Production efficiency has increased to three lambs per ewe and at the same time the ewe inventory has declined leading him to conclude efficiency is not the issue.
Walker then shared a slide with two side-by-side photos depicting labor or lifestyle norms. On the left side of the screen was a scenic picture of a sheepherder leaning up against his aluminum sheep wagon probably taken in the early 1960s. On the right side was a young kid, probably about 12, playing a video game on a home computer. Walker pointed out that compared to most agricultural enterprises, sheep have had fewer opportunities to mechanize and reduce labor.
“Feeding sheep in 1949 looks just about the same as feeding in 2013, except for a fancier truck,” stated Walker as he displayed two photos of sheep ranchers feeding their flock.
Walker believes the drivers for the sheep industry are food production and population, environment and culture.
Long-time sheep rancher John Paugh from the Gallatin Valley in Montana concluded, “When you do research of any kind you end up with questions. As we get into the genetic make-up of animals it will open up a whole other angle of production. We have to be cautious and look at research from a wider perspective than we previously did, and that is why conferences like this are so important to the industry.”
“Symposiums like this are wonderful for seeing what others in the industry are doing and exchanging ideas. It makes you think of other things when your focus shifts,” explained Craig.
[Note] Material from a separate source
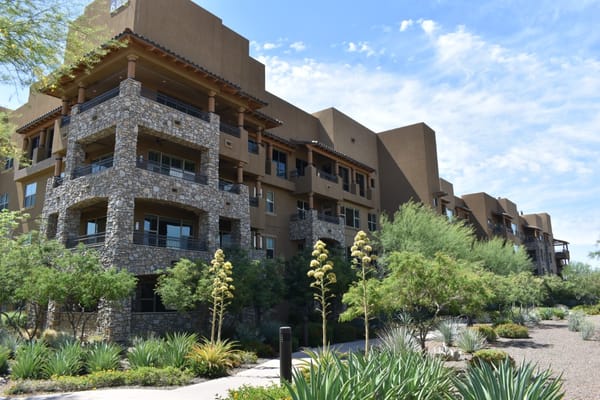 Exterior view of Sagewood senior living facility with stone and balcony features.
“The speakers were charged with developing a presentation that was suitable for ‘an intelligent and diverse audience,’” explained Hatfield. “And they did just that.”
Symposium sponsors included the Western Extension, Research and Academic Coordinating Committee (WERA-39), Western Section American Association of Animal Science (WSASAS), MSU Department of Animal and Range Sciences and the Montana Wool Growers Association.